INGREDIENTS:
(Serving two persons)
- Eggplants of (Brinjals/Baingan) = 03 nos (cut into medium pieces).
- Potato = 01 large size (peeled & cut into small pieces).
- Onion = 01 no medium (finely chopped).
- Tomato = 01 no (finely chopped).
- Cloves of Garlic (Lehsan) = 03 nos (peeled & chopped).
- Ginger Root (Adrak) = 1-inch piece size(peeled & chopped).
- Green Chilli (Hari Mirch) = 01 no or to taste.
- Red Chilli Powder (Pisi Lal Mirch) = 01 tablespoon or to taste.
- Turmeric Powder (Pisi Haldi) = 1/4 tablespoon.
- Cumin Powder (Pisa Zeera) = 01 tablespoon.
- Cumin Seeds (Saabut Sufaid Zeera) = 1/2 tablespoon.
- Salt = to taste.
- Cooking Oil = 01 tablespoon.
- In a pot heat oil and add the cumin seeds.
- When cumin seeds become lightly brown add the chopped garlic, ginger root and whole green chili and stir for a minute.
- Add in the chopped onions and fry onions until they are golden brown.
- Remove the green chilli and set aside.
- Add the chopped tomatoes and fry until the oil starts to separate and the tomatoes are soft.
- Add in the turmeric powder and fry for a minute, & then add in the red chilli powder, coriander powder and cumin powder and mix for a minute.

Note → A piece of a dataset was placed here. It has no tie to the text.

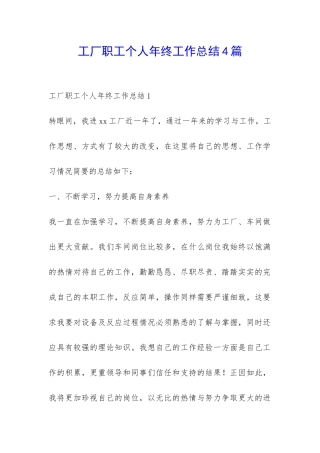 工厂职工个人年终工作总结4篇-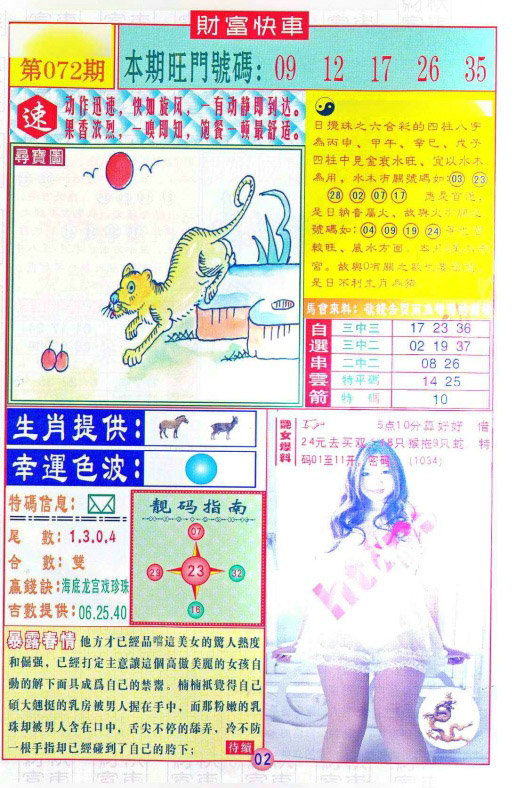 图片载入中...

- Add in the potato pieces and fry for 5 minutes, & then add the brinjal (eggplant) pieces and fry for another 5 minutes.
- Add in 2 cups of water. When water comes to a boil, stir, lower heat to low, cover and let cook.
- When the eggplant and potatoes are well done, garnish with coriander leaves, mix and turn off stove.
- Serve hot Aaloo Baingan with roti or plain rice and with green vegetable salad.